Bu sayfayı yazdır

Bildiği ile amel etmeyenler

Muhammed ibn-i Sâig hazretleri kırâat ve Şafiî mezhebi fıkıh âlimidir. 636 (m. 1238)’de doğdu. 725 (m. 1325)’de Kâhire’de vefât etti. İlmin fazilet ve üstünlüğü hakkında buyurdu ki:

“İnsanların en câhili, bildiği ile ameli terk edendir. İnsanların en âlimi, bildiği ile amel edendir. İnsanların en üstünü, Allahü teâlâdan en çok korkandır.” Bu söz çok doğrudur ve âlimin, ilmi ile amel etmediği sürece âlim olmadığı hükmünü getirir. Zîrâ ilim, İslâm yolunda sahibini zayi etmez. Âlim, ilminin bereketi ile kurtulur. İlim öğrenmek farz ve fazilettir. İnsanın, dînin mükellef kıldığı şeyleri yapacak kadar ilim öğrenmesi farzdır. Kişinin ihtiyâcından fazla Kitap ve sünnete uygun bilgileri öğrenmesi ise fazilettir. Kitap ve sünnete uymayan ve bu ikisinden çıkarılmamış veya bu ikisine uymayan veya bunlara dayanmayan her ilim fazilet değil rezilliktir. Bunlar insanın hevâsını arttırır. Dünyâda ve âhirette rezîl eder.
Farz olan, öğrenilmesi terk edilmeyen ilim: Ebû Necîb Sühreverdî’nin Enes bin Mâlik’den rivâyet ettiği hadîs-i şerîfte, Resûl-i ekrem (sallallahü aleyhi ve sellem) buyuruyor ki: “İlim Çin’de de olsa talep ediniz. Zîrâ ilim öğrenmek her Müslümana farzdır.” Âlimler farz olan ilmin hangisi olduğunda ihtilâf etmiştir. Bazısı dediler ki: “Farz olan ilim, ilm-i ihlâs ve nefsin âfetlerini ifşa eden şeylerin ilmidir.

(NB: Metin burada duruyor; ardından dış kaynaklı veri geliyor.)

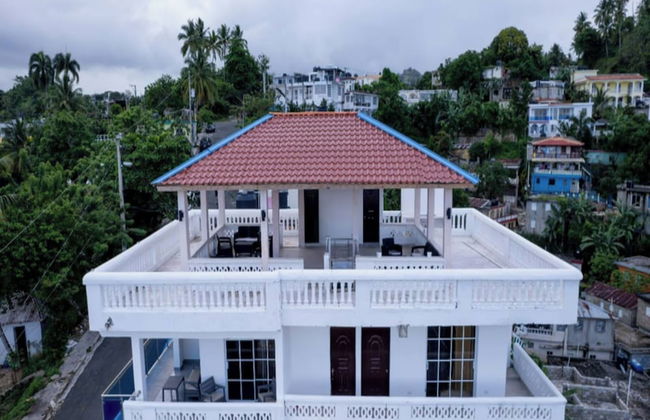 Villas Hillside apt 4 - Foto 19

Zîrâ şu âyet-i kerîmede meâlen; (Hâlbuki onlar, ancak Allaha, O’nun dîninde ihlâs sahipleri olarak, diğer bâtıl dinlerden İslama yönelerek ibâdet etsinler, namazı gereği üzere kılsınlar ve zekâtı versinler diye emrolunmuşlardı. İşte bu emredildikleri şey, dosdoğru hak dindir.) [Beyyine-5] amel emredildiği gibi ihlâslı olmak da bir emirdir. İhlâsın temellerini tahrip eden; nefsin aldatması, gururu, hileleri ve gizli isteklerini bilmek için bu ilmi öğrenmek farzdır. Zîrâ kul, farza ancak farz ile ulaşabilir. Bazı âlimler ise, öğrenilmesi farz olan, ilm-i hâl ilmidir dediler. Sehl bin Abdullah buyurdu ki: “Farz olan ilim, ilm-i hâli öğrenmek, yani kulun dünyâ ve âhiretinde, Rabbi ile arasındaki hâlin hükmünü bilmesidir.” Denildi ki: “Öğrenilmesi farz olan ilim ilm-i bâtındır. Bu ilimle kulun, Allahü teâlâya yakınlığı artar."